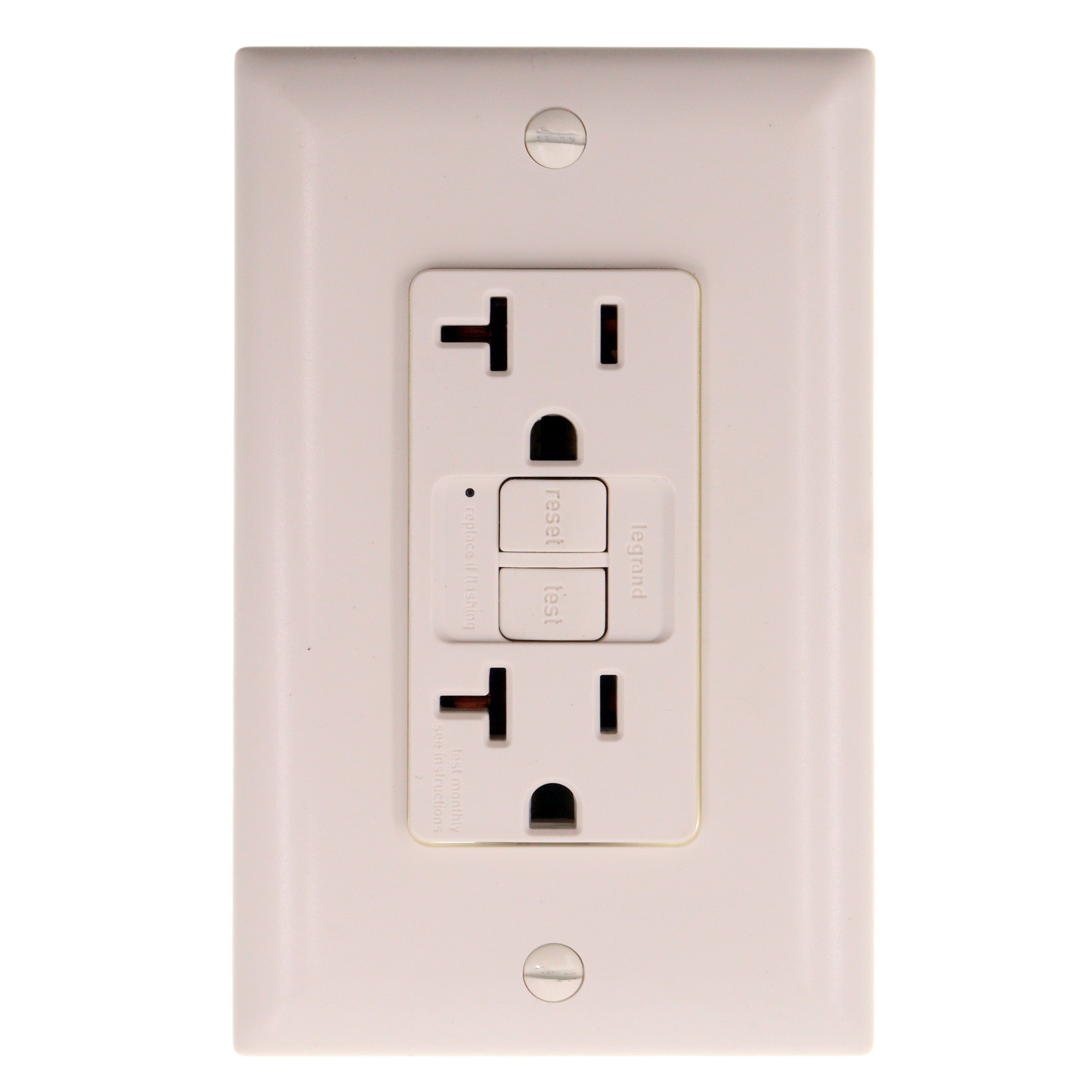 Pass & Seymour PT2097LA Plugtail GFCI Outlet, SelfTest, 20Amp, 125V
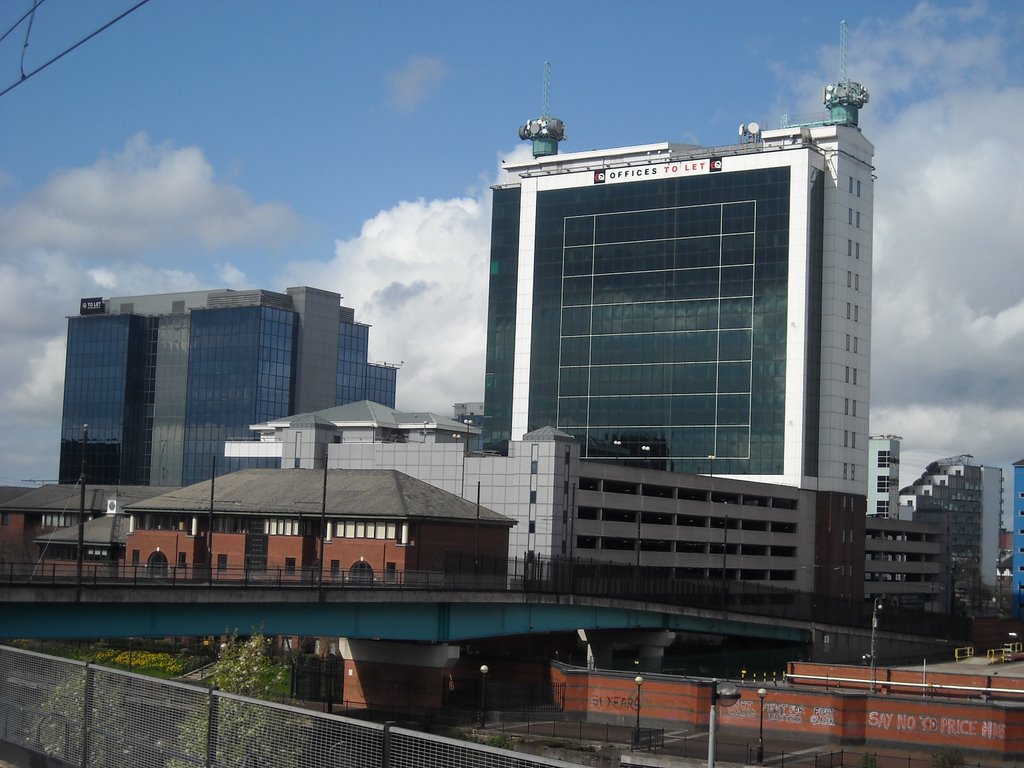 View of Pomona from inside a Metrolink tram - Saturday 4th April 2009 by WythenshaweMike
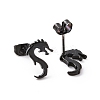 304 Stainless Steel Tiny Dragon Stud Earrings for Men Women LS-EJEW-G318-09EB-2
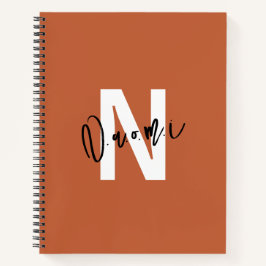 Girls’ Spiral Notebook – Warm Terracotta "Naomi" Notizbuch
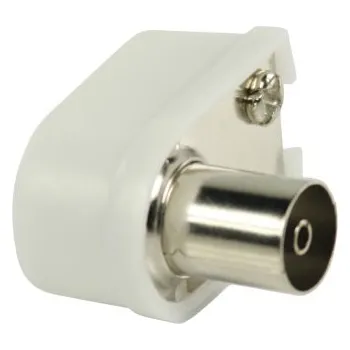 Anténní redukce Valueline Koaxiální konektory úhlové, koaxiální zásuvka úhlová, bílá 2 ks (VLSP40921W)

=====

Could you reproduce the entries verbatim, leaving out all pictures?

▸ **Solution to the exercise**:
 Pass & Seymour PT2097LA Plugtail GFCI Outlet, SelfTest, 20Amp, 125V
 View of Pomona from inside a Metrolink tram - Saturday 4th April 2009 by WythenshaweMike
 304 Stainless Steel Tiny Dragon Stud Earrings for Men Women LS-EJEW-G318-09EB-2
 Girls’ Spiral Notebook – Warm Terracotta "Naomi" Notizbuch
 Anténní redukce Valueline Koaxiální konektory úhlové, koaxiální zásuvka úhlová, bílá 2 ks (VLSP40921W)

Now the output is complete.